Climatologist Roy Spencer pointed out that those claims were unsubstantiated. “Unfortunately, there seems to be a trend toward classifying events as ‘1 in 1,000 years,’ when there is no way of knowing such things...Remember, it is perfectly normal to have a 1 in 100-year event every year...as long as they occur in different locations. That’s how weather records work.”
Marc Morano on "The Weather Lottery": Your chance of the winning the lottery is very low, but the chance of someone, somewhere winning the lottery are very high. The climate campaigners and the media essentially hype the “winners” of the extreme weather lottery, wherever they are, and attempt to imply these events are happening everywhere. Extreme weather always strikes somewhere at some time, and it always will, so there is no shortage of examples of “record” storms. Lotteries and casinos do the same thing in their ads—showing the winners, and implying that you are just one ticket or spin away from joining them.
Meteorologist Topper Shutt explained the misuse of the term 100-year flood after Hurricane Harvey hit Houston in 2017. “A 500-year flood does not mean that an area will see a flood of that magnitude once in 500 years. It means that in any given year there is a .2% chance of a 500-year flood and likewise a 1% chance every year for a 100-year flood,” Shutt wrote. “Remember, we are talking about billions of years of climate and usually just a hundred years of actual, observational data."
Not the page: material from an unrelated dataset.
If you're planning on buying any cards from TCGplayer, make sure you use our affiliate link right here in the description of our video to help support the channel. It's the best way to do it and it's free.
Gore claims it was the first time in history two major storms from the Atlantic and Pacific made landfall at the same time. He was talking about Hurricane Florence, that hit North Carolina on Friday, and Super Typhoon Mangkhut, which hit the Philippines a few hours later on Saturday.
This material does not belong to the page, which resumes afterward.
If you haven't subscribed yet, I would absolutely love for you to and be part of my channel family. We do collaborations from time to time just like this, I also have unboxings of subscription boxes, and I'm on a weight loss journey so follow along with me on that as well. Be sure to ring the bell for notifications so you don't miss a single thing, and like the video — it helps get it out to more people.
“This is the first time in history that two major storms are making landfall from the Atlantic and the Pacific simultaneously, and each recalls some of their predecessors,” Gore said Friday at the Global Climate Action Summit in San Francisco.
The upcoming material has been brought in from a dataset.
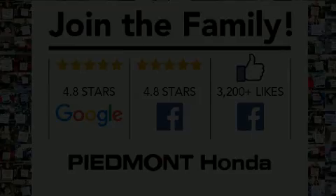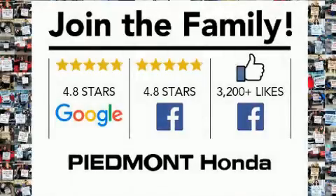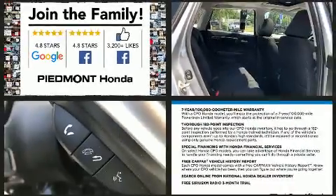Step into the 2017 Honda Fit. With fewer than 5,000 miles on the odometer, this vehicle stands out from the crowd, boasting a diverse range of features and remarkable value.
That’s false. Cato Institute atmospheric scientist Ryan Maue was quick to call out Gore for making the false claim..."Al Gore just (fraudulently) claimed without any evidence that we've never had hurricanes in both the Atlantic and Pacific making landfall at same time," Maue said.
Morano: "President Donald Trump may be presiding over the disintegration of the UN Paris climate pact,” said Climate Depot’s Marc Morano, adding that the U.S. decision “set a global example and it may have led to the agreement potentially teetering on the brink of its own survival.”